Crédits à haut rendement
HY OAS (BAMLH0A0HYM2)
Compression initiale, élargissement tardifParadoxe typique des phases de Surchauffe : le HY OAS se comprime dans un premier temps (croissance soutient les bilans des émetteurs high yield), avant de s’élargir lorsque le resserrement monétaire mord et que les refinancements à venir se renchérissent. Sur 2021–2022, le HY OAS est passé de 360 bps à son plancher (juin 2021) à 588 bps au pic de stress (juillet 2022) selon les données ICE disponibles avant la truncation FRED d’avril 2026.

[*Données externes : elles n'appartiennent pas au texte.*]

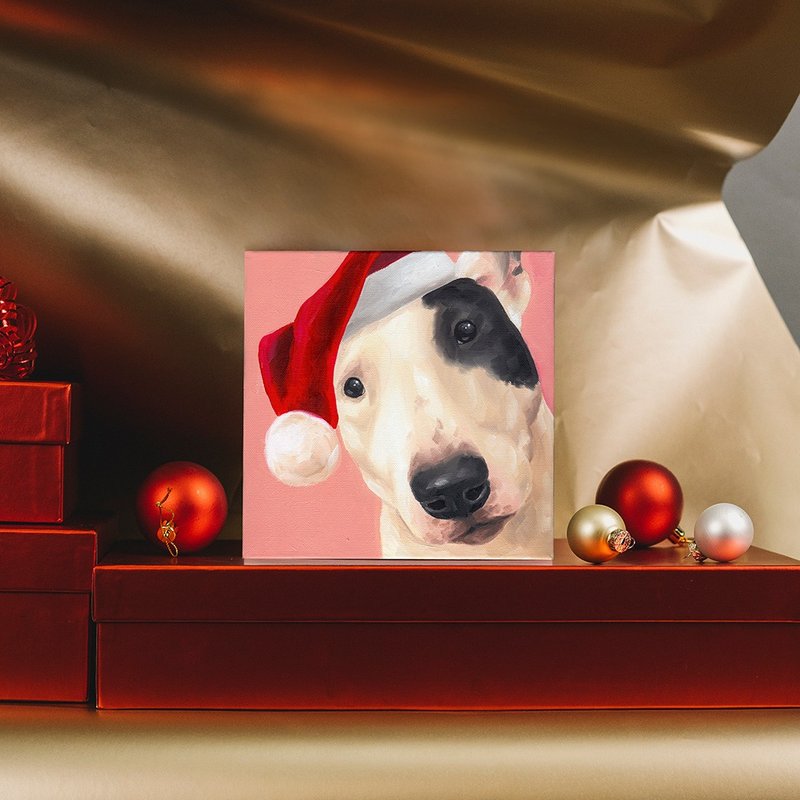 【体验】台中油画体验课程/毛小孩圣诞限定-圣诞帽/台中画 - 插画/绘画/写字 - 棉．麻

Sources : FRED (DFII10, DGS10, T5YIFR, NFCI, BAMLH0A0HYM2, DTWEXBGS), ICE Futures Europe (Brent), London Bullion Market Association, World Gold Council, CBOE. Toutes les performances citées sont factuelles et datées — elles décrivent des épisodes passés identifiés, non des tendances extrapolables. Ces données ne constituent pas une recommandation d’investissement.

Erreurs fréquentes

Les pièges interprétatifs les plus courants dans l’analyse d’un régime inflationniste

  • Traiter l’inflation élevée comme un régime uniforme. Confondre Surchauffe (G+ I+), Pression inflationniste (G= I+) et Stagflation (G− I+) conduit à des erreurs d’analyse diametralement opposées. La Surchauffe autorise un resserrement monétaire fort sans destruction immédiate de croissance ; la Stagflation place la banque centrale devant un arbitrage entre inflation et récession. L’erreur de catégorie est coûteuse analytiquement.
  • Croire que le resserrement monétaire met fin rapidement au régime. Les années 1970–1982 fournissent le contre-exemple le plus documenté : la Fed a opéré plusieurs cycles de resserrement incomplets entre 1971 et 1979, chacun suivi d’un rebond inflationniste. Ce n’est que le choc Volcker (fed funds à 20 % en juin 1981) qui a rompu les anticipations inflationnistes. La persistance du régime inflationniste est liée à l’ancrage ou au désancrage des anticipations, pas uniquement au niveau des taux courants.
  • Ignorer la dynamique fiscale. Un resserrement monétaire peut être partiellement ou totalement compensé par une relance budgétaire simultanée. La littérature récente sur la « fiscal theory of the price level » (Cochrane, Sims) rappelle qu’une politique budgétaire non soutenable peut entretenir l’inflation même face à des taux directeurs élevés, en modifiant les anticipations de répudiation de dette via l’inflation.
  • Appliquer les corrélations actifs d’un sous-régime à un autre. Les comportements observés en Surchauffe (NFCI encore accommodant, croissance positive) ne se reproduisent pas mécaniquement en Stagflation. L’or, par exemple, a historiquement surperformé en Stagflation et sous-performé en Surchauffe accompagnée de hausse des taux réels.
  • Confondre l’inversion de courbe avec la fin du régime inflationniste. L’inversion de courbe signale généralement que le marché anticipe un ralentissement ou une récession, ce qui pourrait mettre fin au régime. Mais plusieurs inversions (2000, 2006, 2019) ont précédé des récessions désinflationnistes, non des sorties de régime inflationniste. L’inversion elle-même n’indique ni la vitesse de désinflation ni la trajectoire des prix.
Précédents historiques

Épisodes documentés par la classification Eco3min et leurs caractéristiques

Fenêtres de classification — rappel

Résolution formelle complète : depuis janvier 2003. Tous les indicateurs disponibles ; classifications vérifiables et reproductibles.
Extension rétroactive dégradée : depuis 1977. Sous-ensemble d’indicateurs (CFNAI, NFCI, T10Y2Y, Sahm, Trimmed Mean PCE). T5YIFR et liquidité nette absents. Labels data_quality: "degraded" dans tous les exports.
Références conceptuelles (hors fenêtre) : épisodes antérieurs à 1977. Servent de points de comparaison analytiques, non de validations de la méthode.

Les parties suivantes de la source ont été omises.